What to produce: An exact repetition of the data below, without images, is the expected answer.

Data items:
+ + +

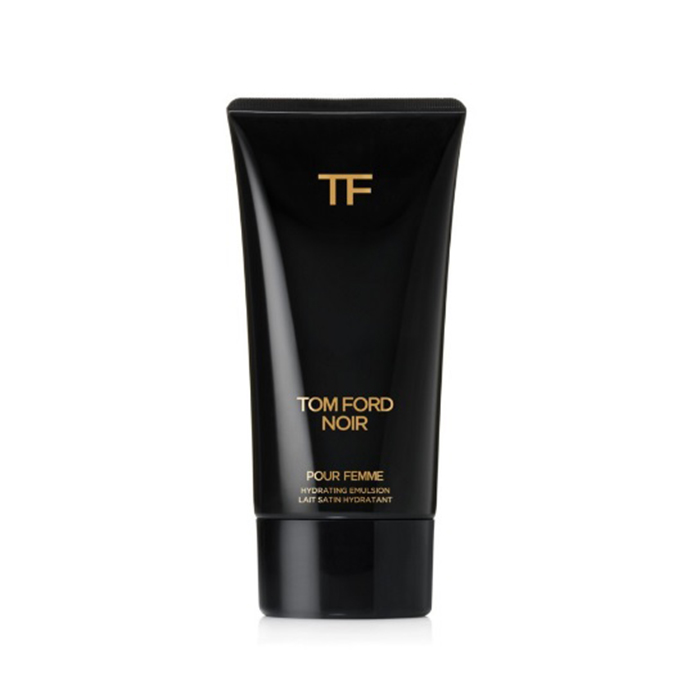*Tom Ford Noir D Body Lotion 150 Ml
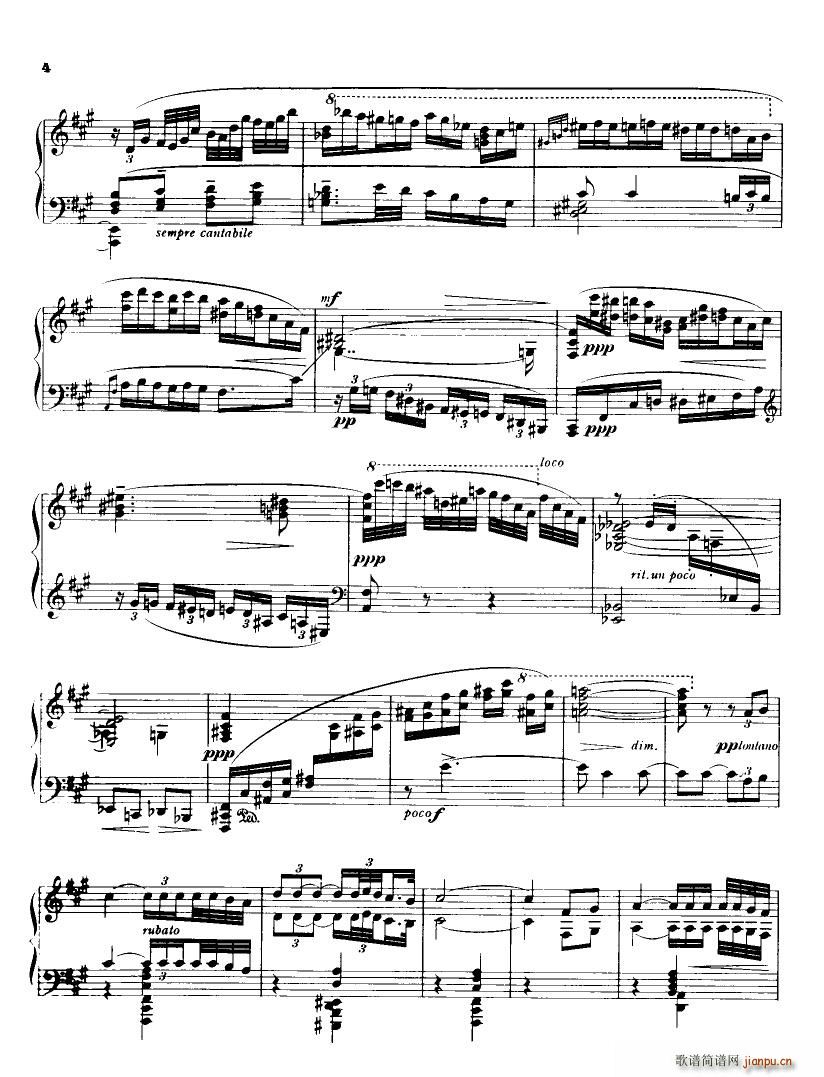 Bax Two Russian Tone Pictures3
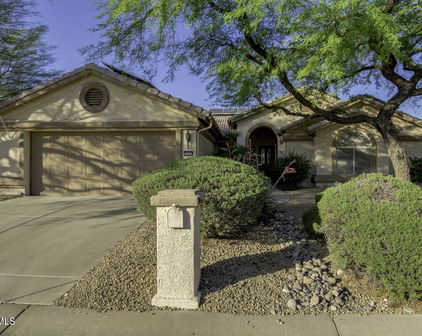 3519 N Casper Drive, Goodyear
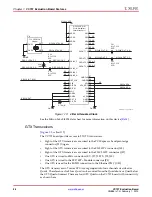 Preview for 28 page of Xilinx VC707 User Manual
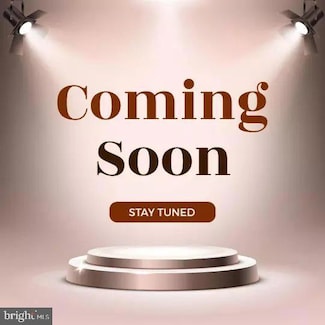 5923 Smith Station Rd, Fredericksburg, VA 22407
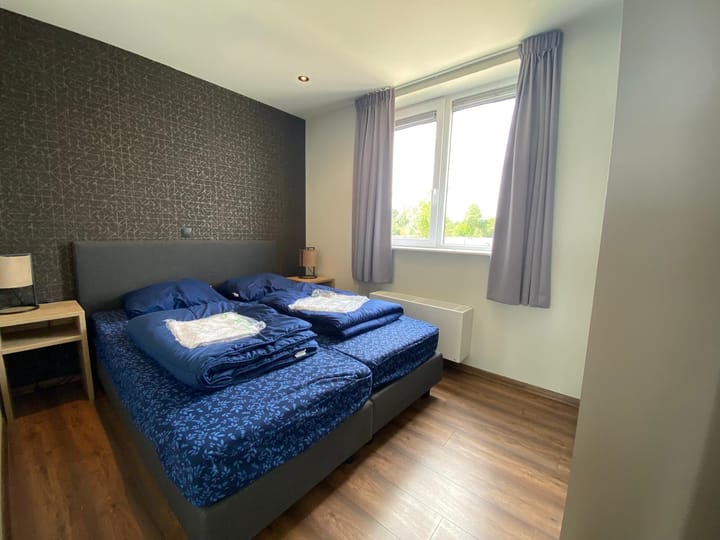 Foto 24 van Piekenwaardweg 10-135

+ + +

Response to the exercise:
*Tom Ford Noir D Body Lotion 150 Ml
 Bax Two Russian Tone Pictures3
 3519 N Casper Drive, Goodyear
 Preview for 28 page of Xilinx VC707 User Manual
 5923 Smith Station Rd, Fredericksburg, VA 22407
 Foto 24 van Piekenwaardweg 10-135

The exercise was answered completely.